Exercise materials:

■ ■ ■ ■ ■ ■ ■

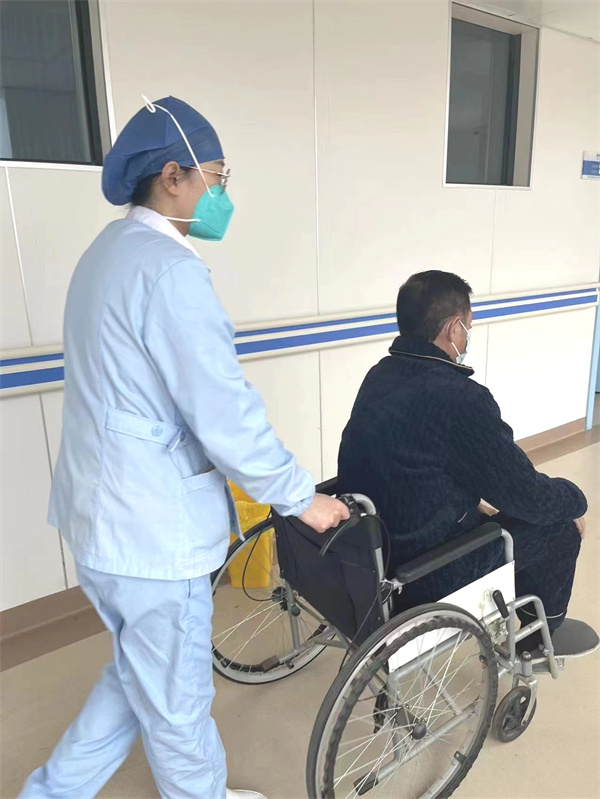市五院：用心服务  暖心护理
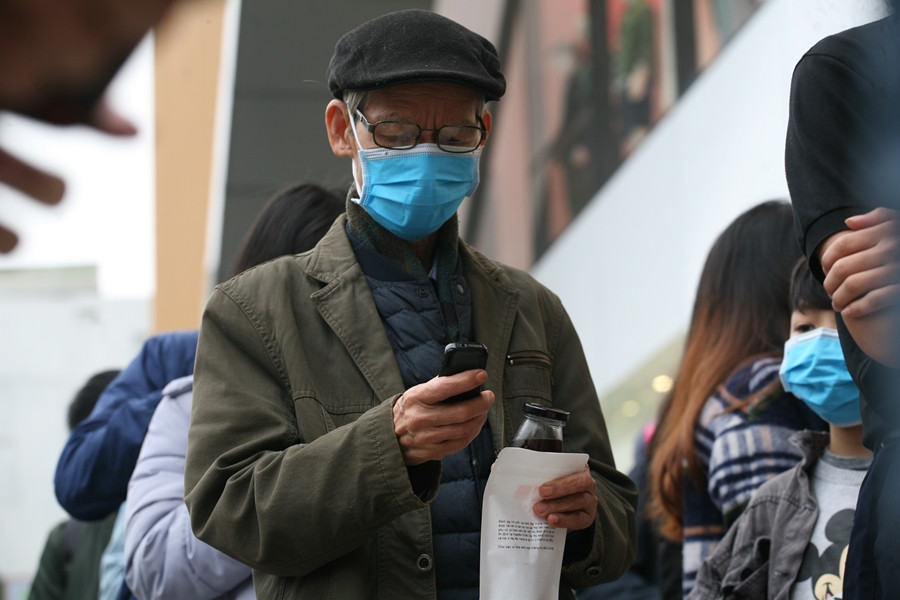 Chia sẻ với PV Kiến Thức, ông Viễn (87 tuổi, Hà Nội) cho biết: "Từ hôm qua tôi đọc báo thấy tin sáng nay cửa hàng này khai trương nên từ sớm đã đi bộ ra đây. Trong nhà tôi các con cháu đều buôn bán hàng Nhật nên tôi khá thích thú với các sản phẩm của Nhật Bản".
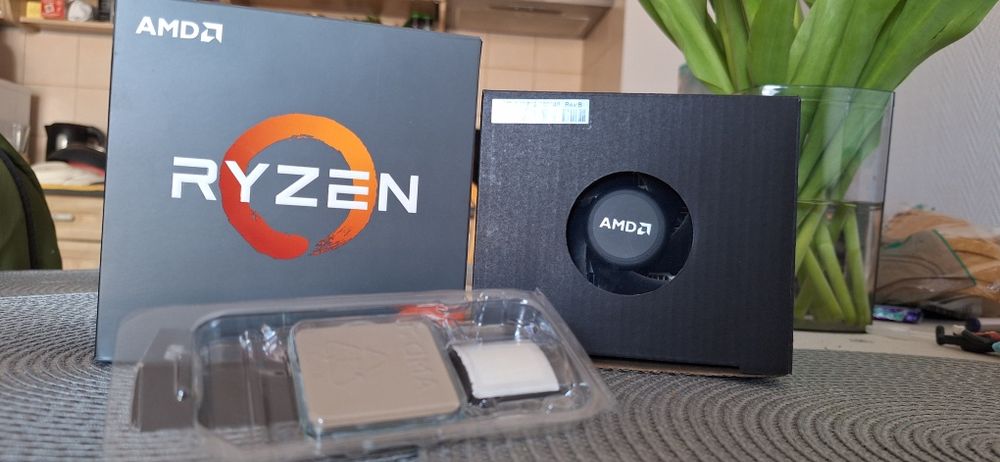 AMD Ryzen 5 2600X  + BOX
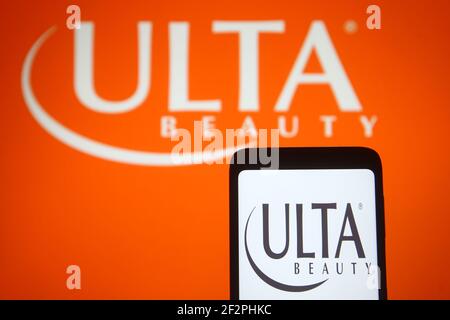 Ucraina. 12 marzo 2021. In questa illustrazione fotografica il logo Ulta Beauty, Inc. Di una catena di negozi di bellezza negli Stati Uniti è visibile su uno smartphone e uno schermo del pc. Credit: SOPA Images Limited/Alamy Live News Foto Stock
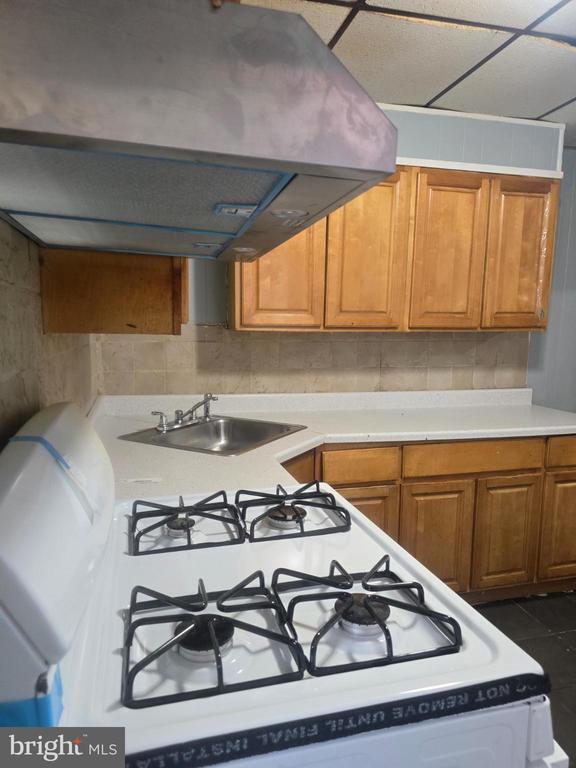 Photo - 556 N Wanamaker St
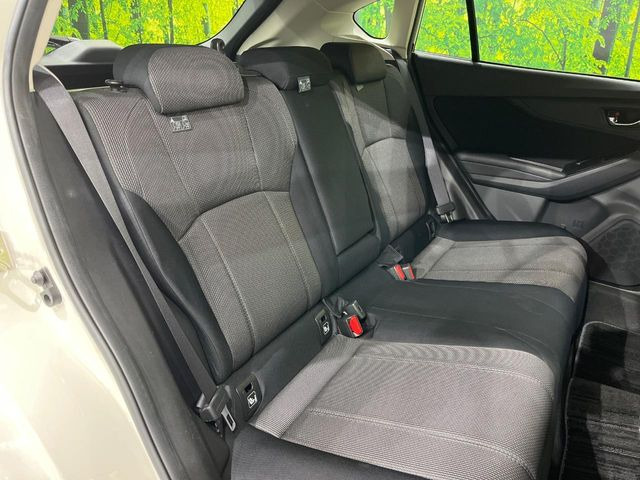 後部座席も気になるようなキズ・汚れやへたり等、大きなダメージはなく、良好な状態です。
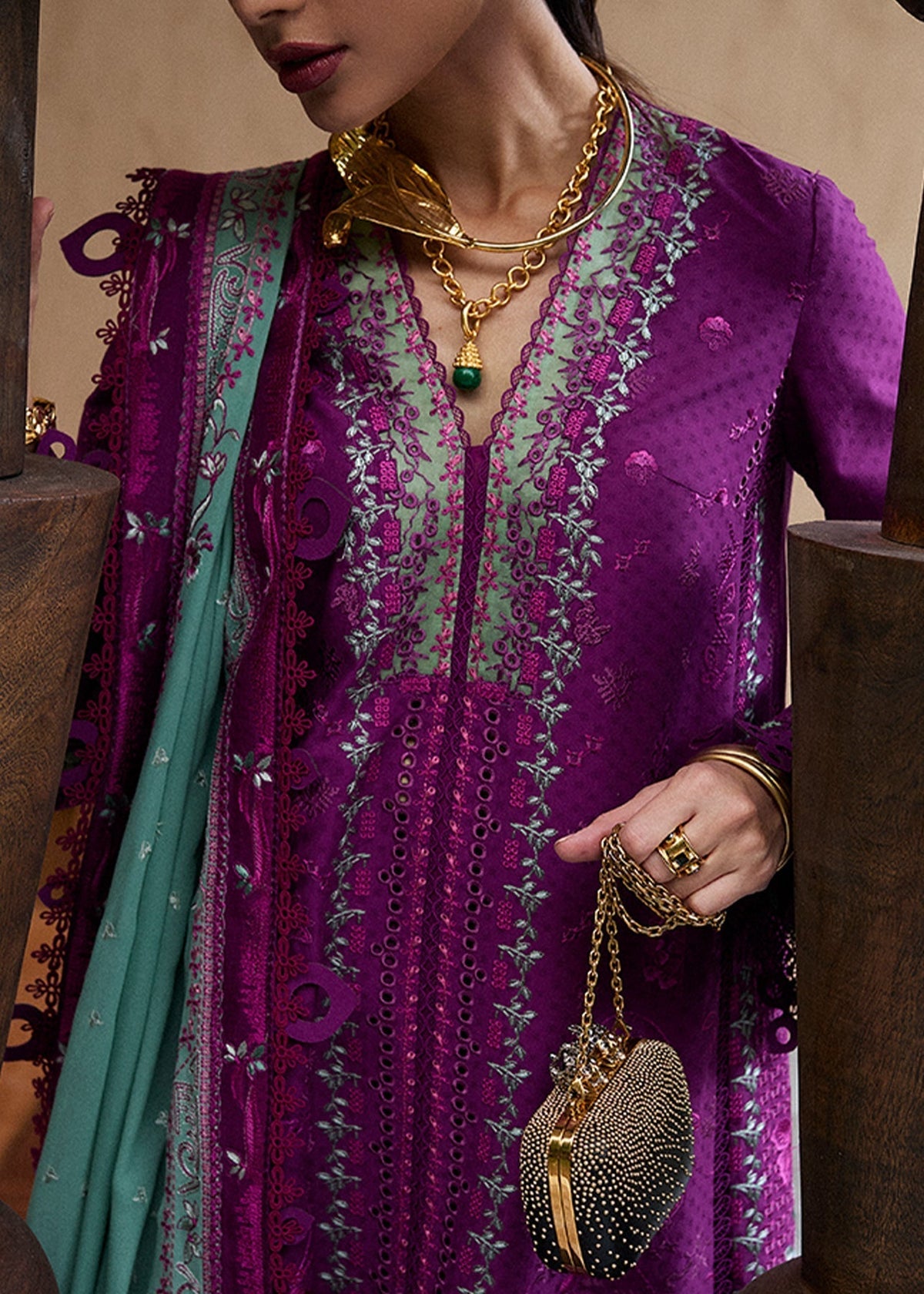 Suffuse | Luxury Lawn 25 |OIRA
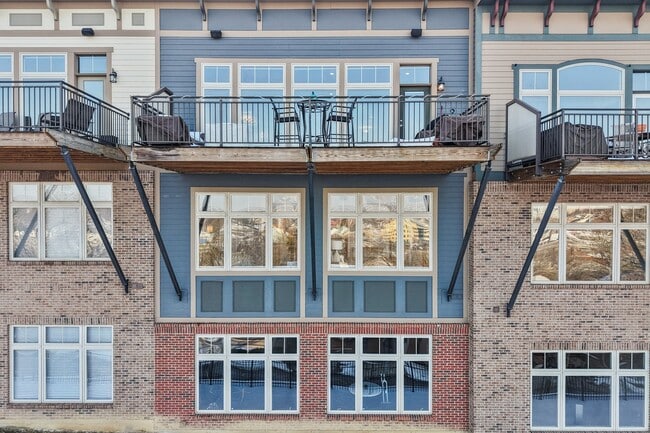 Building Photo - 1226 Grays Peak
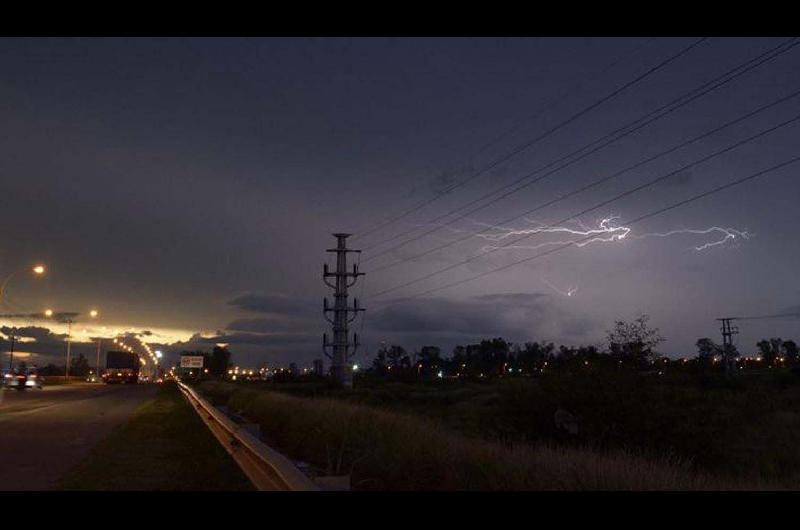 El Servicio Meteoroloacutegico Nacional emitioacute alerta amarilla para Santiago del Estero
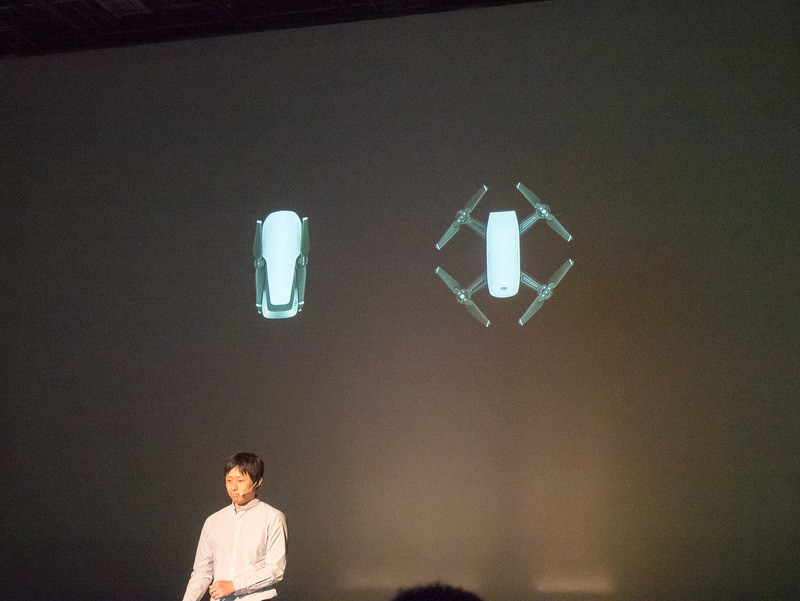 Spark（右）との比較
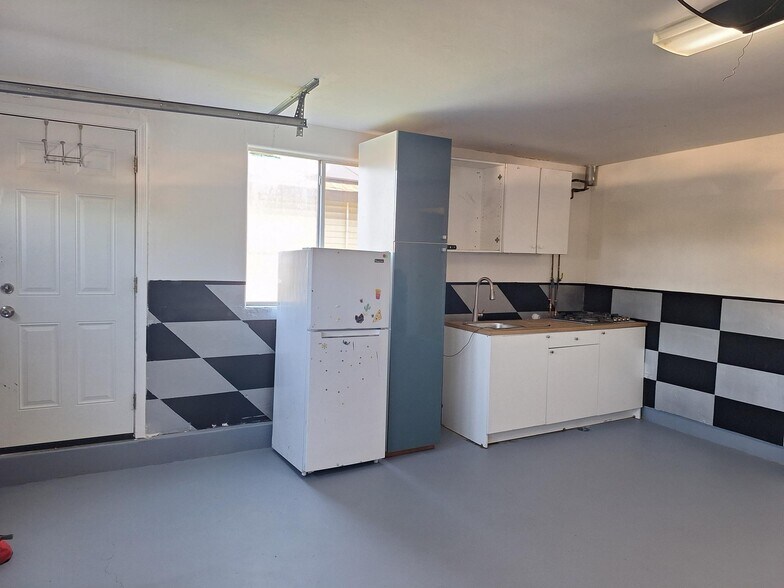 Building Photo - 165 Minot Ave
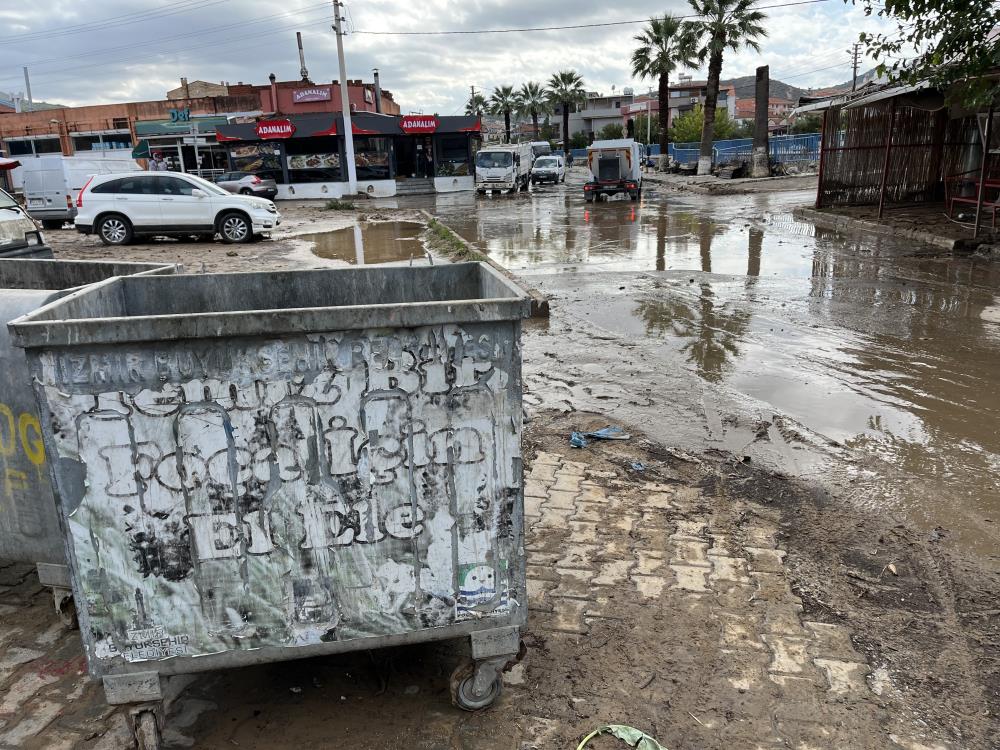 Foça'da selin ardından sokaklar çamur deryasına döndü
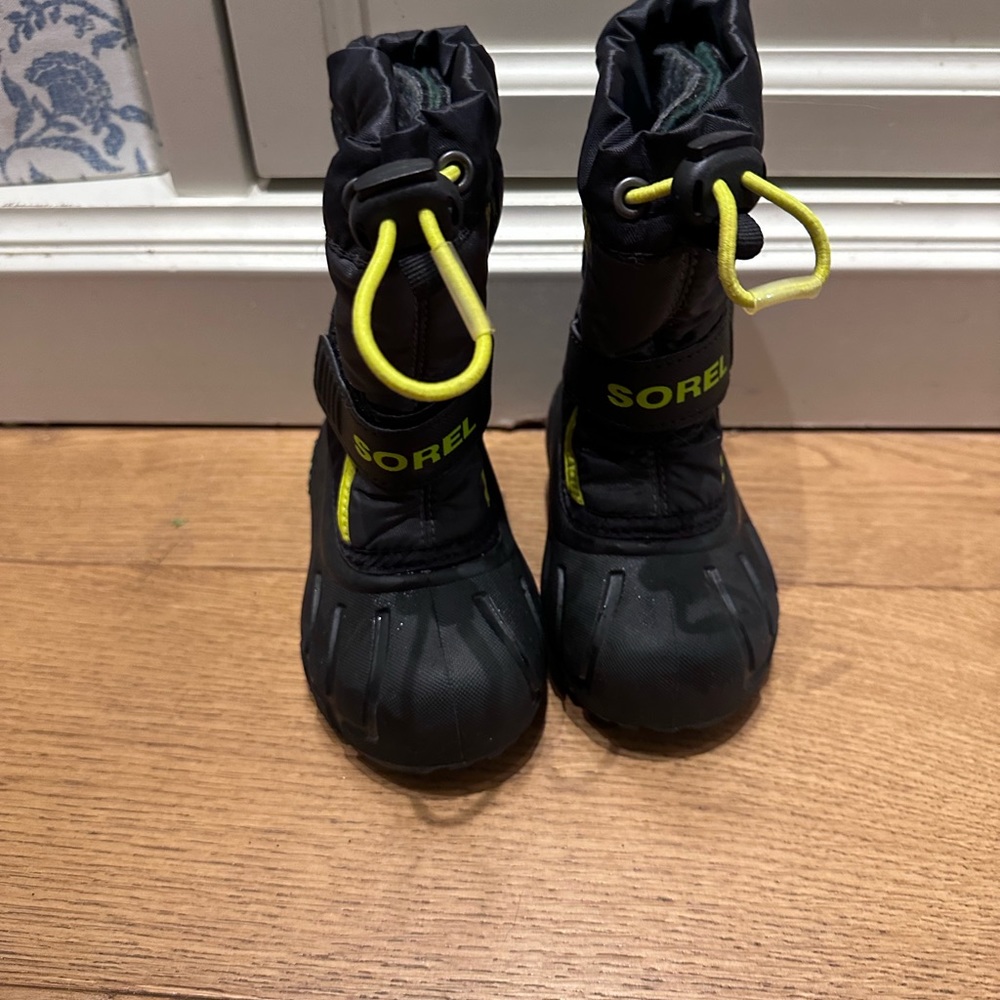 Toddler Sorel snow boots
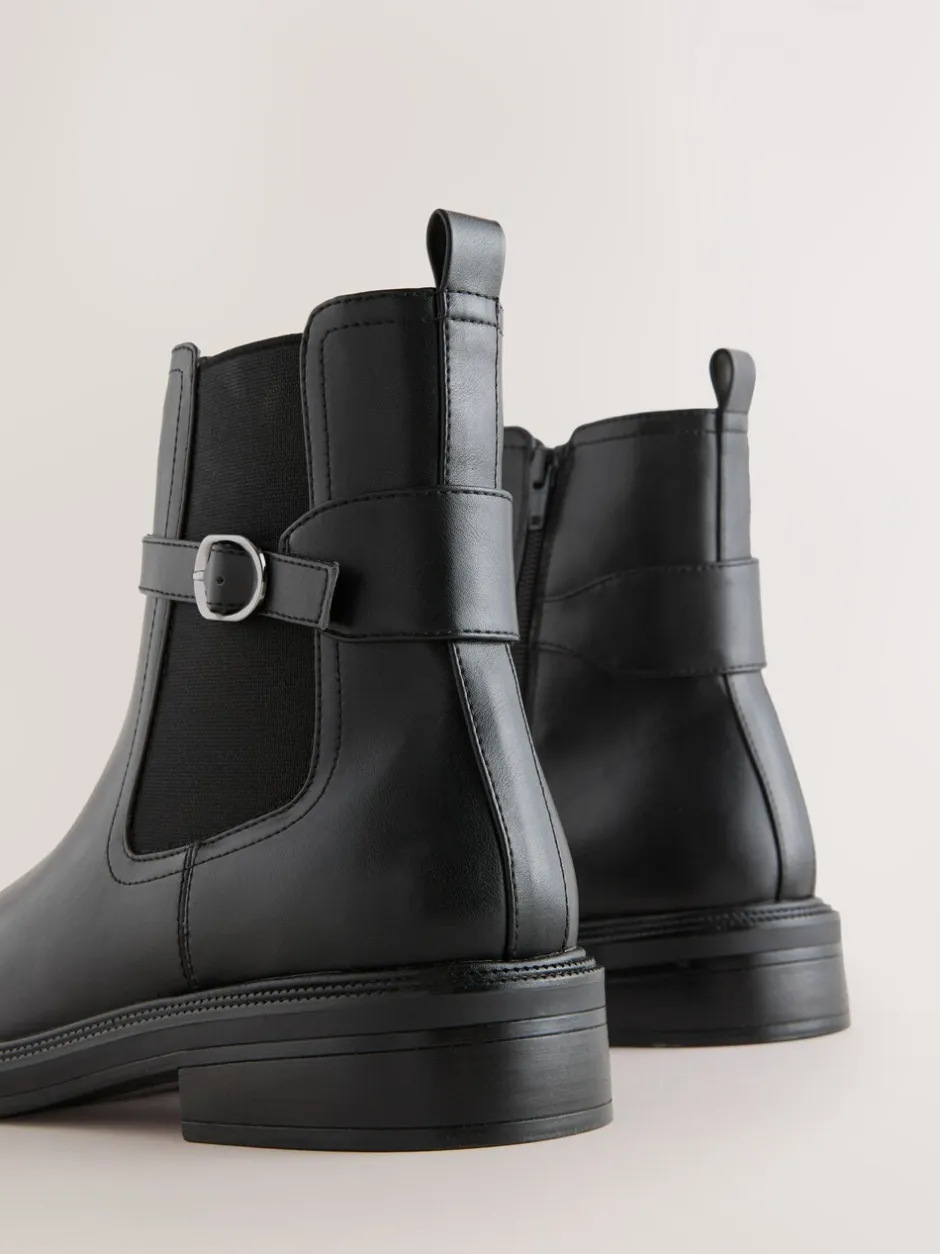 Ruimvallend En Extraruimvallend*Next - Chelsea Boots met gesp Zwart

■ ■ ■ ■ ■ ■ ■

What is being asked:
Retype all of the material above exactly; the pictures stay out.

Written response:
市五院：用心服务  暖心护理
 Chia sẻ với PV Kiến Thức, ông Viễn (87 tuổi, Hà Nội) cho biết: "Từ hôm qua tôi đọc báo thấy tin sáng nay cửa hàng này khai trương nên từ sớm đã đi bộ ra đây. Trong nhà tôi các con cháu đều buôn bán hàng Nhật nên tôi khá thích thú với các sản phẩm của Nhật Bản".
 AMD Ryzen 5 2600X  + BOX
 Ucraina. 12 marzo 2021. In questa illustrazione fotografica il logo Ulta Beauty, Inc. Di una catena di negozi di bellezza negli Stati Uniti è visibile su uno smartphone e uno schermo del pc. Credit: SOPA Images Limited/Alamy Live News Foto Stock
 Photo - 556 N Wanamaker St
 後部座席も気になるようなキズ・汚れやへたり等、大きなダメージはなく、良好な状態です。
 Suffuse | Luxury Lawn 25 |OIRA
 Building Photo - 1226 Grays Peak
 El Servicio Meteoroloacutegico Nacional emitioacute alerta amarilla para Santiago del Estero
 Spark（右）との比較
 Building Photo - 165 Minot Ave
 Foça'da selin ardından sokaklar çamur deryasına döndü
 Toddler Sorel snow boots
 Ruimvallend En Extraruimvallend*Next - Chelsea Boots met gesp Zwart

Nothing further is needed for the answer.